▸ MATERIAL PROVIDED
*** Begin section ***
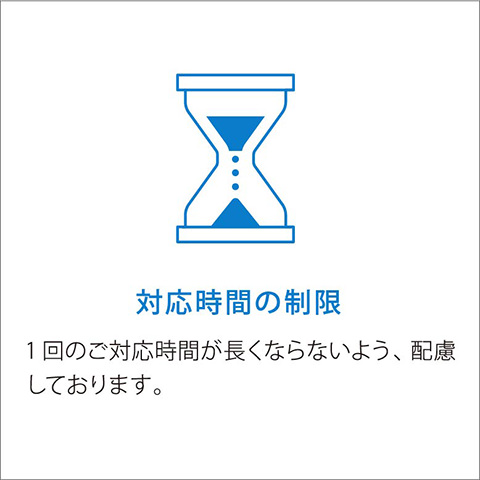 対応時間の制限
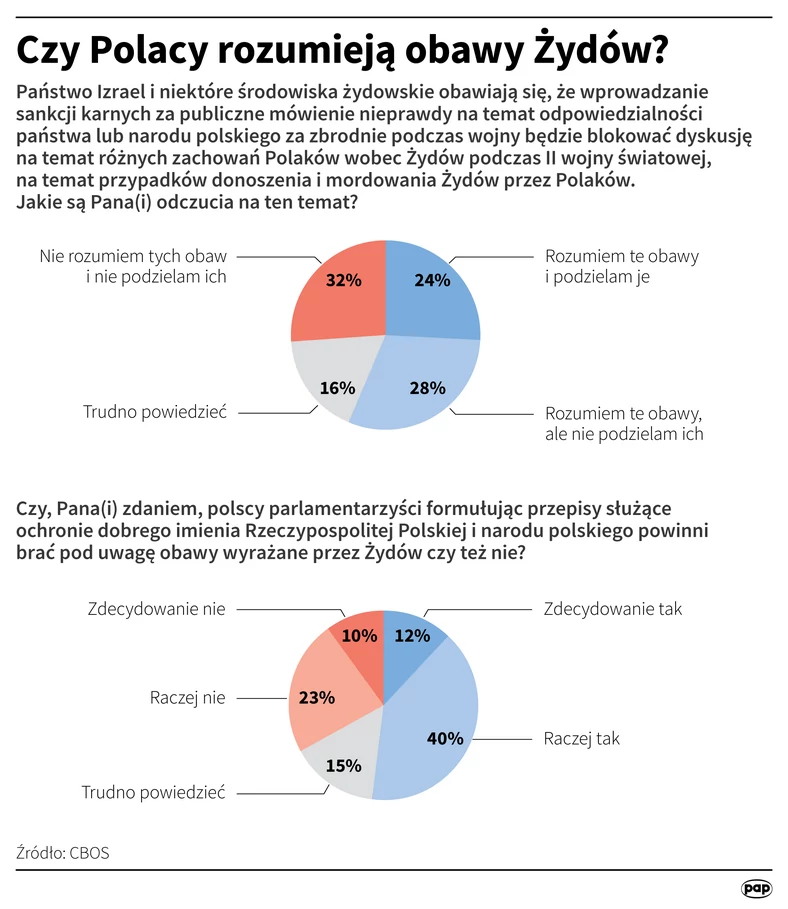 Czy Polacy podzielają obawy Żydów? Infografika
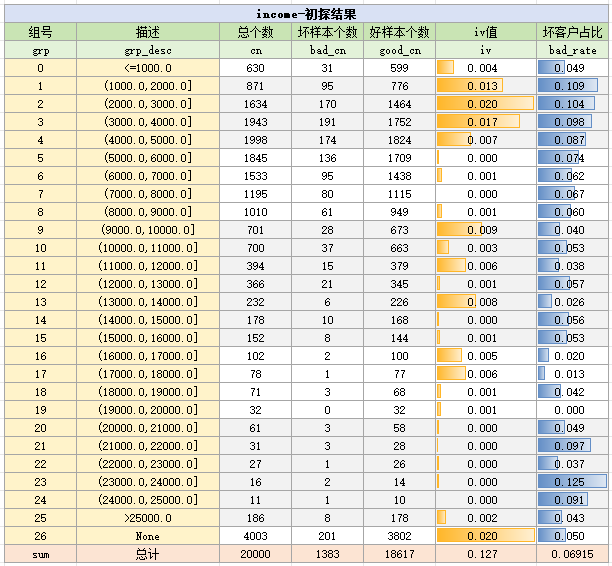 imcome变量最终初探结果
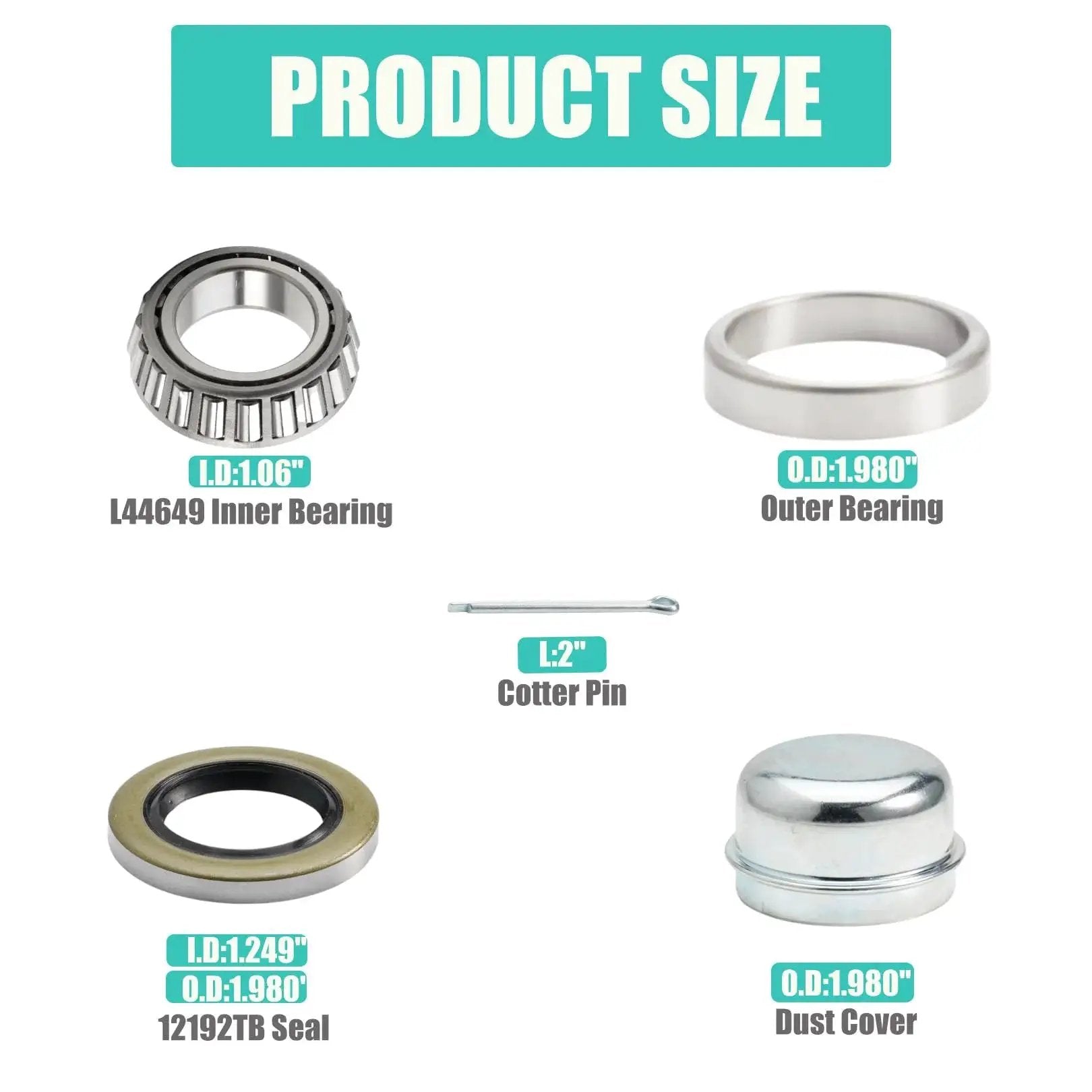 Components of Complete trailer wheel hub bearing kit for 1.0625 inch axles including bearings, seals, cotter pin, and dust cover.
*** End section ***
▸ EXERCISE AIM
In your output, include only the lines from the line containing "imcome变量最终初探结果" through the last line of the material above, exactly as they appear, and leave out the pictures.

▸ YOUR SOLUTION
 imcome变量最终初探结果
 Components of Complete trailer wheel hub bearing kit for 1.0625 inch axles including bearings, seals, cotter pin, and dust cover.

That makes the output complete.